“But to all who received him, who believed in his name, he gave power to become children of God.”
– John [1:12]
Many of us in the marketplace are pushed to believe our value rests in our net worth not our self-worth. We spend a lifetime surrounded by the message that our value lies in how much we earn, what are car looks like, or if we have the latest and greatest. We never seem to reach that golden ring these messages tell us exists. The effect of all this is a reduction in confidence and self-worth.
“Many of us in the marketplace are pushed to believe our value rests in our net worth not our self-worth.”
We are influenced subtly by our culture, our friends, our family, and even our thought life. They all conspire both innocently and purposefully to undermine our confidence. As we continue our journeys, we find ourselves stuck in a world that lionizes size-two Hollywood starlets or people with ten thousand-square-foot homes. We over analyze ourselves and find we don’t match up to these images. The overly analytical critique sears our souls and drives us deeper in the wrong direction.
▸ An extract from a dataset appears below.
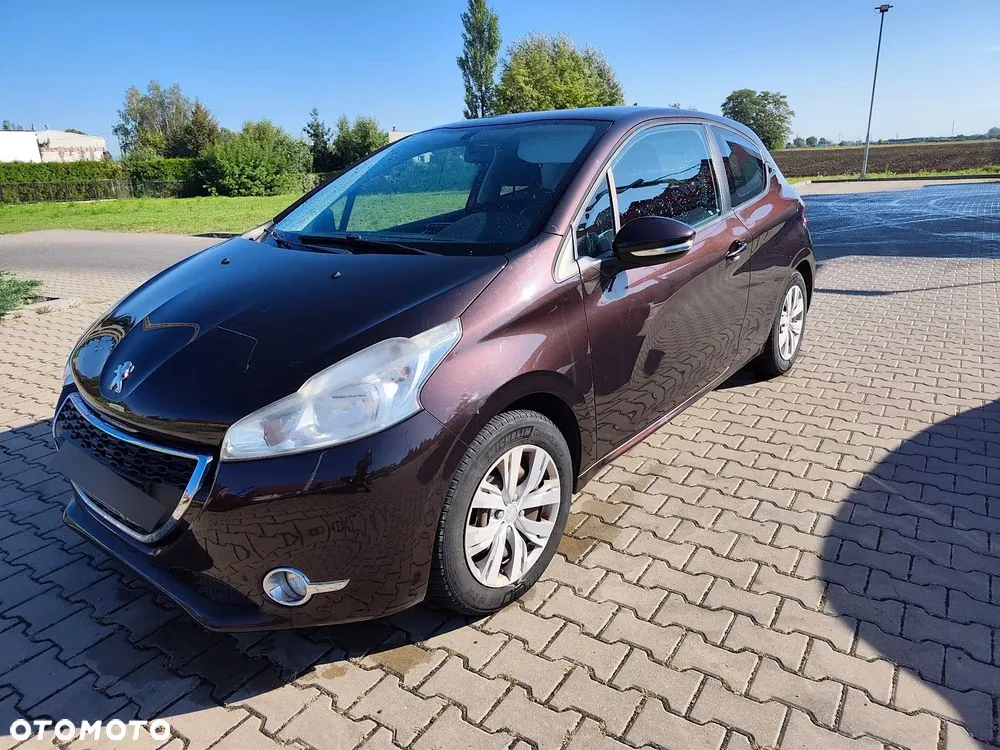 Peugeot 208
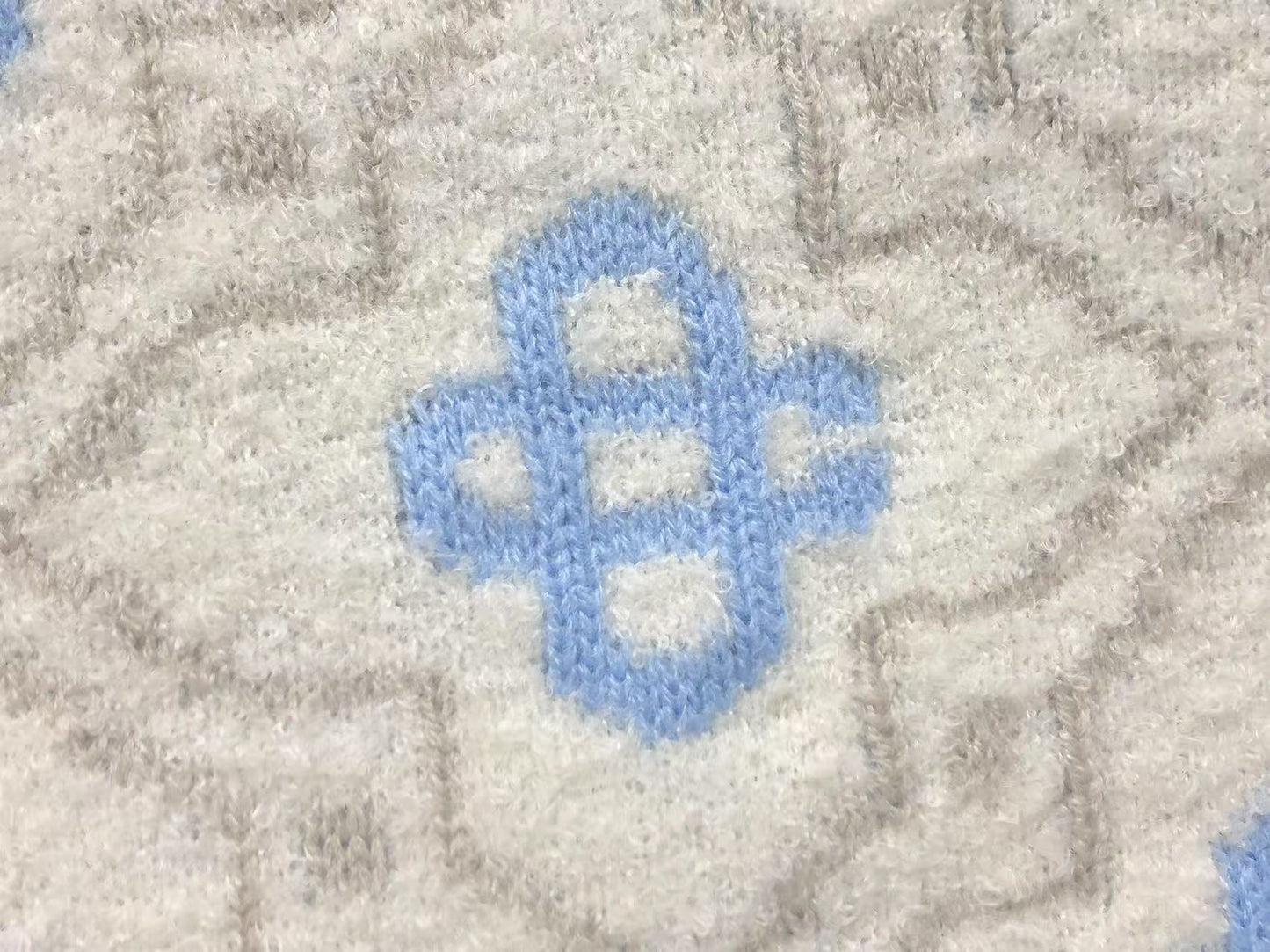 C - SWEATER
Like all formulas, if the input is wrong, the answer is wrong. We have all heard the expression “garbage in garbage out.” In many of my counseling sessions I hear the silent voice that says, Why don’t they want me? But I see a different picture in these people. I see bright and enthusiastic people who want to lead a good life. God sees the same thing and says so in Genesis [1:27], where it states “So God created humankind in God’s image, in the Image of God he created them; male and female he created them.” This is a powerful assertion of the value God places in each of us. We are like God.
“We need to reach down and change the input from our own to God’s.”
So how do we from the marketplace defend ourselves from our own overly critical analyses and cultural influences? We receive Jesus and believe in his name, as the Book of John advises us. But we also have to live out this inheritance both internally and externally. We need to reach down and change the input from our own to God’s. We are made in God’s image. Our outward expressions to our neighbors should simulate this same act of love that God expresses to us. At Starbucks, build up the life of the barista and from our hearts wish him or her a good day. At the grocery store thank the clerk for their hard work. Never tire of doing good with a heart formed in love. Both the inner expressions to ourselves and the outer expressions to others will gird our self-worth. Over time the importance of net worth will fade and be replaced with the value of self-worth. Our priorities will change, and life will seem brighter. We are all children of God.
Blessings, until next time,
Bruce L. Hartman
Where do we spend our money? Is our credit card statement a reflection of our self-worth or net worth?
Do we allow others to make us forget how God thinks about us?
Do you treat everyone like a child of God?